George Floyd is not the first Black to be murdered by white cops in the US, and, sadly, he will not be the last. Every time the police kills African Americans, every self-righteous media and every Democrat is outraged and let loose his wailing; and they call for peace, peaceful coexistence and the respect of every American citizen’s rights, regardless of whether he is Black, White, Indian or Asian. Fancy words that have never make racism go away; indeed, there is an innate racism in every ruling class and, with the bourgeoisie, it has reached levels unheard of in previous societies.

The bourgeoisie is the class who has merged, in its ideology, the notion of intellectual and civil supremacy on all the other classes, with the “natural” privilege of being the class who first overcame the primitive barbaric conditions of life, thanks to production techniques, industry, innovations and scientific discoveries. But this supremacy, this privilege, rest on a mode of production – capitalism – based on the most advanced form of slavery: wage slavery, under which most of the population has no choice but to sell their labor power and bodies in order to survive. A form of slavery that carries all the most abject forms of previous societies with it, showing how the capitalist society, from the standpoint of human relations, is the most dehumanizing and inhuman class society in history.

The bourgeois racism against the proletarian class, against the wage workers’ “race”, exploited for the sole purpose of making profit and thrown away like garbage when they can no longer be exploited, this racism has not replaced the former ruling classes’, the nobility’s, the clergy’s, the feudal lords’ or the antique slave owners’ racism; it has added up to it.

In the era of private property raised to its highest power, the ruling bourgeois class has introduced – thanks to the capitalist mode of production – another, much more decisive form of private property: the private appropriation of production.
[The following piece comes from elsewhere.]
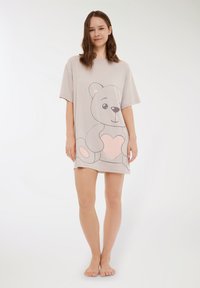 Giovane donna in piedi a piedi nudi, che indossa un vestito t-shirt beige oversize con una grande grafica di orso di peluche che tiene un cuore rosa.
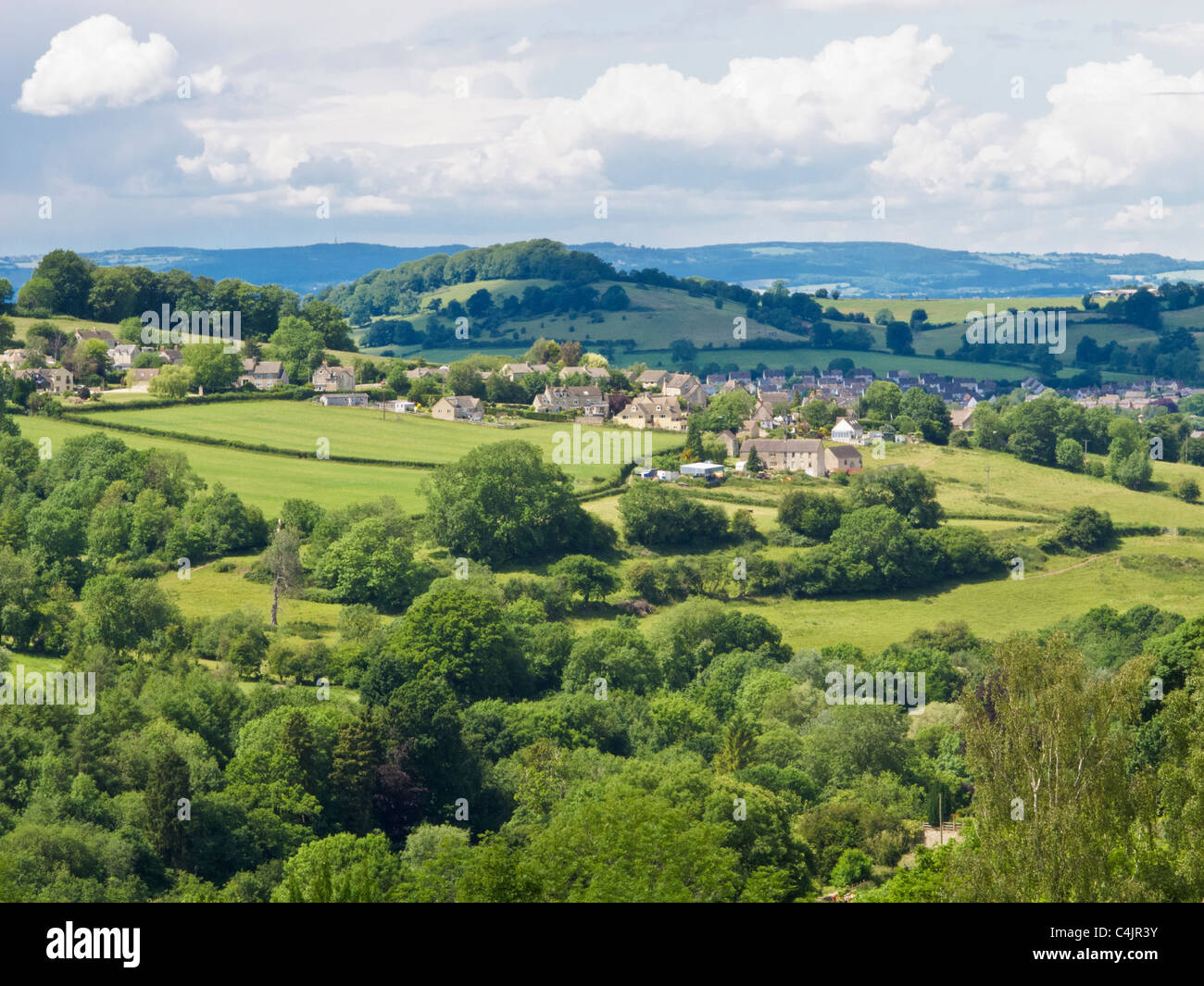 View over Woodchester and rolling English Cotswold countryside near Stroud, Gloucestershire, with Malvern Hills in the distance. Stock Photo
This private appropriation, which allows every entrepreneur to decide the fate of the wage workers he employs even when he doesn’t own the means of production, and even when the funds to start the production, or its distribution, have been borrowed, this private appropriation is the basis on which rests the bourgeois privilege – a privilege attached to the entrepreneur “race”, the capitalist “race” who has, in effect, a right of life and death on the proletariat and most of the population. And since every bourgeois competes with other bourgeois and must therefore use his social privilege and stamp on both wage slaves and bourgeois competitors, he finds an ready-made tool in the racial oppression forms inherited from former societies, these forms being perfectly compatible with the state-of-the-art capitalist oppression’s own ones.

Racism against Blacks, against Jews, against Indians, against Latinos, or against Asians, dates back a long time ago. The modern capitalist mode of production, which has revolutionized the world, has its historical roots in Europe, in Italy, in England, in France, in Germany; White peoples who, with the development of industry, have colonized the world and subjugated peoples on every continent. And as long as capitalism exists, so will the myths of the individual, the great boss or the supreme leader, the self-made capitalist; so will racism in all its many forms, always determined by the time’s economic, political, social and cultural requirements.

In order to get rid of racism, whose roots can be found in the economic and social structure of bourgeois society, it is the mode of production on which it grows that must be gotten rid of, starting not with culture and “conscience”, mere reflections of the capitalist economic and social structure, but with proletarian class struggle, in which the decisive element is the shared wage worker condition, regardless of the color of the skin, the race, or the country of origin. The only way to successfully oppose every form of racism is the struggle against the ruling bourgeois class, regardless of the color of its skin, its race or its country of origin, because it is benefiting from all oppressions, from all forms of racism, from all forms of slavery.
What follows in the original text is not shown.